Terakhir, adanya order prioritas. Mereka harus menjalankan order bike, express dan juga food terlebih dahulu. Jika prioritasnya tidak diambil, maka si pengemudi enggak bisa mengambil orderan lainnya. Sehingga mereka ingin semuanya diaktifkan supaya poin yang didapat menjadi lebih banyak lagi.
Melihat aturan ini memang sangat memberatkan para driver. Di mana mereka harus kerja lembur bagai kuda untuk memenuhi target dari perusahaan. Bahkan kalau bisa dibilang, mereka hanya membantu perusahaan untuk mendapatkan untung sebanyak-banyaknya. Sedangkan nasib mereka sendiri jauh dari kata untung.
Selain itu untuk kebijakan waktu bekerja rasanya tidak masuk akal. Ya memang untuk driver ojek online ini waktunya sangat fleksibel, tapi kalau ditarget 48 kali mengemudi per hari, sama saja mereka harus kerja lembur. Padahal mereka ada keluarga yang menunggu di rumah. Kemudian kesehatan juga akan terganggu jika harus setiap hari bekerja seperti itu. Jadi tak heran kalau ada saja kecelakaan yang melibatkan para driver ojek online.
Padahal, di Pasal 78 Ayat (1) Undang-undang Nomor 13 Tahun 2003 tentang Ketenagakerjaan telah dijelaskan terkait dengan lembur. Di sana dituliskan jika perusahaan mempekerjakan karyawan melebihi waktu yang ditentukan, maka harus memenuhi syarat sebagai berikut:
a. ada persetujuan pekerja/buruh yang bersangkutan; dan
b. waktu kerja lembur hanya dapat dilakukan paling banyak 3 (tiga) jam dalam 1 (satu) hari dan 14 (empat belas) jam dalam 1 (satu) minggu.
Hal serupa diatur dalam Pasal 6 Keputusan Menteri Tenaga Kerja Dan Transmigrasi Republik Indonesia No. KEP-102/MEN/VI/2004 Tahun 2004 tentang Waktu Kerja Lembur dan Upah Kerja Lembur:
(1) Untuk melakukan kerja lembur harus ada perintah tertulis dari pengusaha dan persetujuan tertulis dari pekerja/buruh yang bersangkutan.
(2) Perintah tertulis dan persetujuan tertulis sebagaimana dimaksud dalam ayat (1) dapat dibuat dalam bentuk daftar pekerja/buruh yang bersedia bekerja lembur yang ditandatangani oleh pekerja/buruh yang bersangkutan dan pengusaha.

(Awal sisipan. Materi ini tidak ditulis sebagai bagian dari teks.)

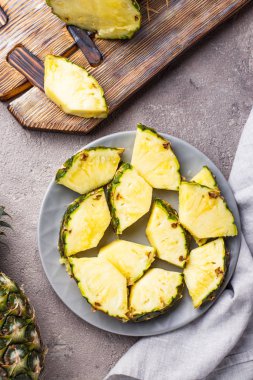 Plaka üzerinde dilimlenmiş olgun ananas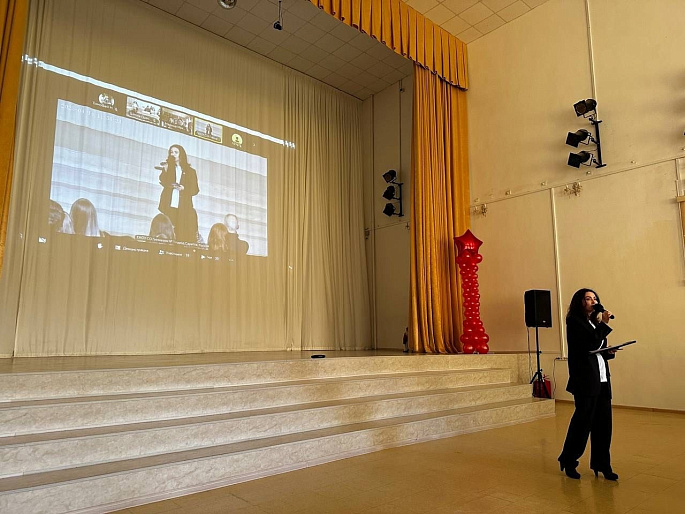 Юлия Литневская провела международный телемост «Война и детство»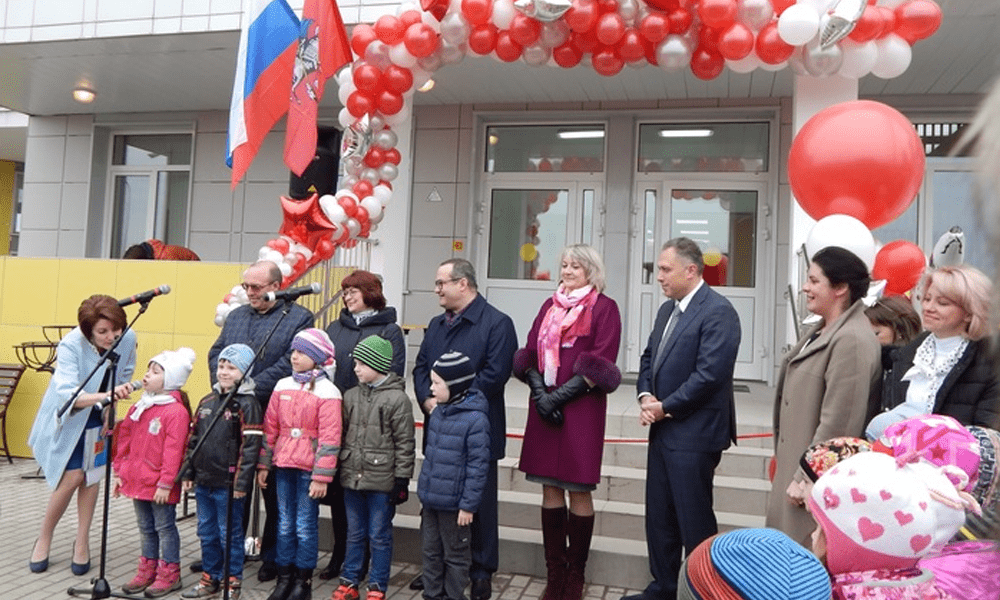 Детский сад 101. Детский сад далматинец Коммунарка. Детский сад сказка 101 в Коммунарке. Детский сад Коммунарка липовый парк далматинец. 101 Садик Ярославль.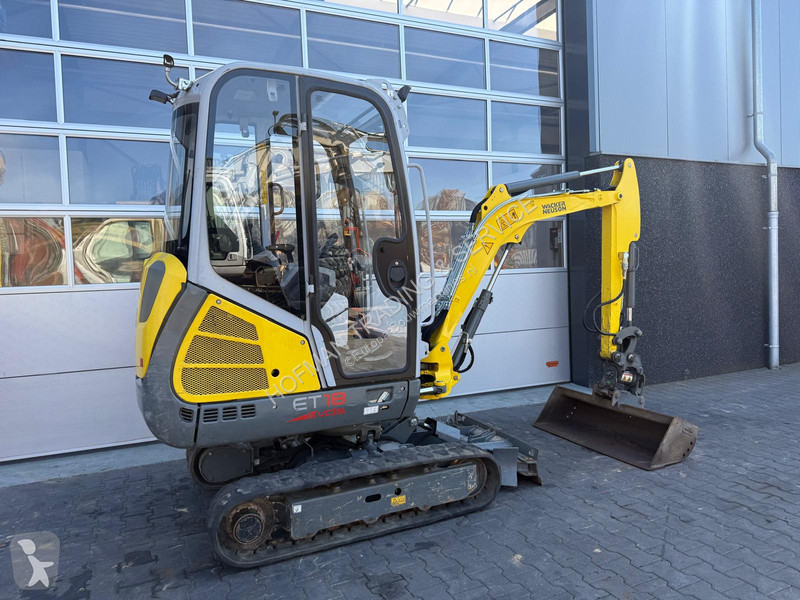 جرافة Wacker Neuson VDS | Powertilt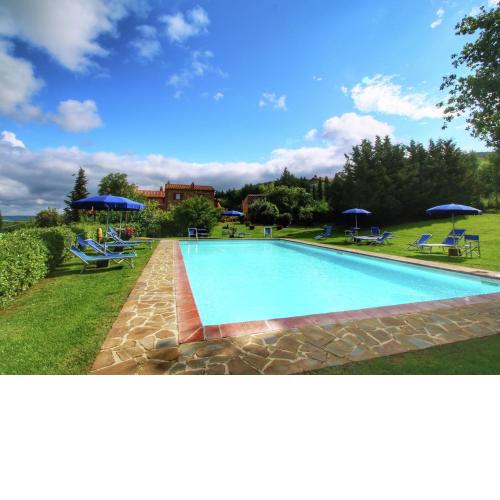 Chaming Farmhouse in Tuscany with Swimming Pool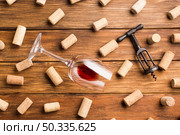 wine accessories with corks background. Стоковое фото, агентство Ingram Publishing / Фотобанк Лори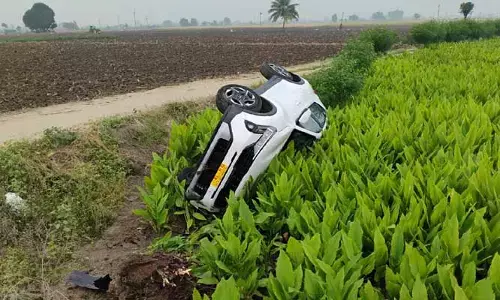 car Accident : అదుపుతప్పి కారు బోల్తా.. యువకుడికి గాయాలు..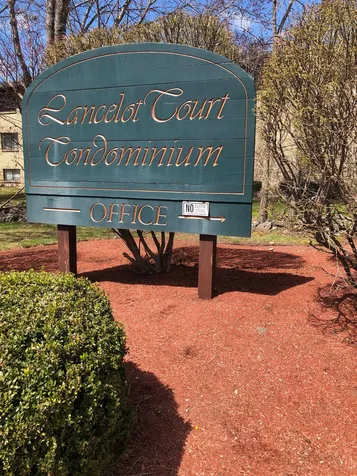 2 Lancelot Court Salem NH 03079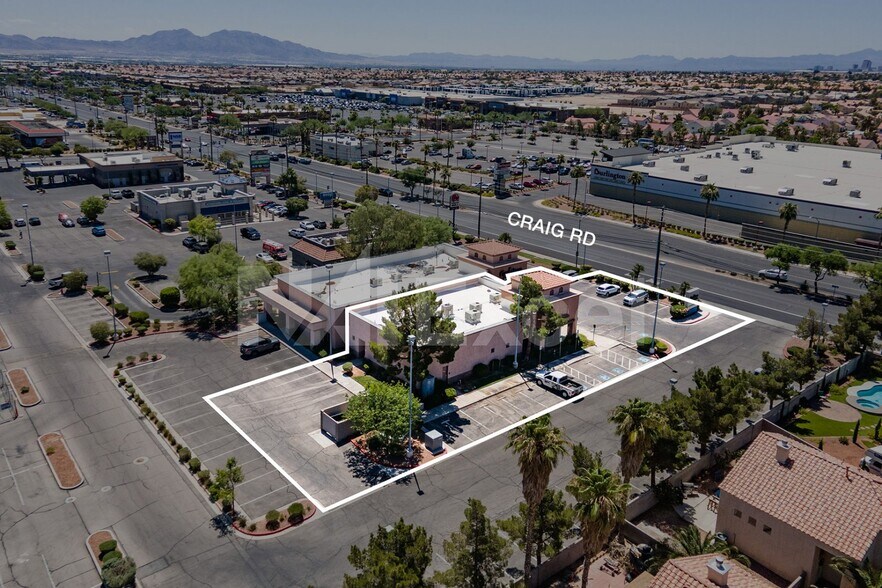 2202 W Craig Rd, North Las Vegas, NV à louer - Photo du bâtiment - Image 3 de 6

(3) Pengusaha sebagaimana dimaksud dalam ayat (2) harus membuat daftar pelaksanaan kerja lembur yang memuat nama pekerja/buruh yang bekerja lembur dan lamanya waktu kerja lembur.
Nah, merujuk kedua pasal di atas, bisa dibilang perusahaan sudah melanggar aturan yang ada. Hmm.. ada baiknya, jika perusahaan segera menindaklanjuti masalah ini. Jangan didiamkan saja, selesaikan masalah ini supaya kedua belah pihak sama-sama untung. Karyawan bukan hanya aset berharga yang bisa diperas tenaga dan pikirannya. Tapi lebih kepada solusi untuk membantu perusahaan supaya lebih maju lagi.
BACA JUGA : Nyesek, Aturan Terbaru Taksi Online ini Bakal Bikin Para Driver Nangis Darah Semalaman
Menengok kasus yang dialami oleh driver ojek online ini, bisa menjadi cermin bagi perusahaan lain. Jika antara perusahaan dan karyawan harus memiliki keseimbangan dalam sisi apapun. Sehingga keadilan tercapai dan keberhasilan pun dapat terealisasikan. Untuk kasus ini, semoga segera mendapat titik terangnya. Agar tidak ada lagi driver yang merasa keberatan dalam bekerja.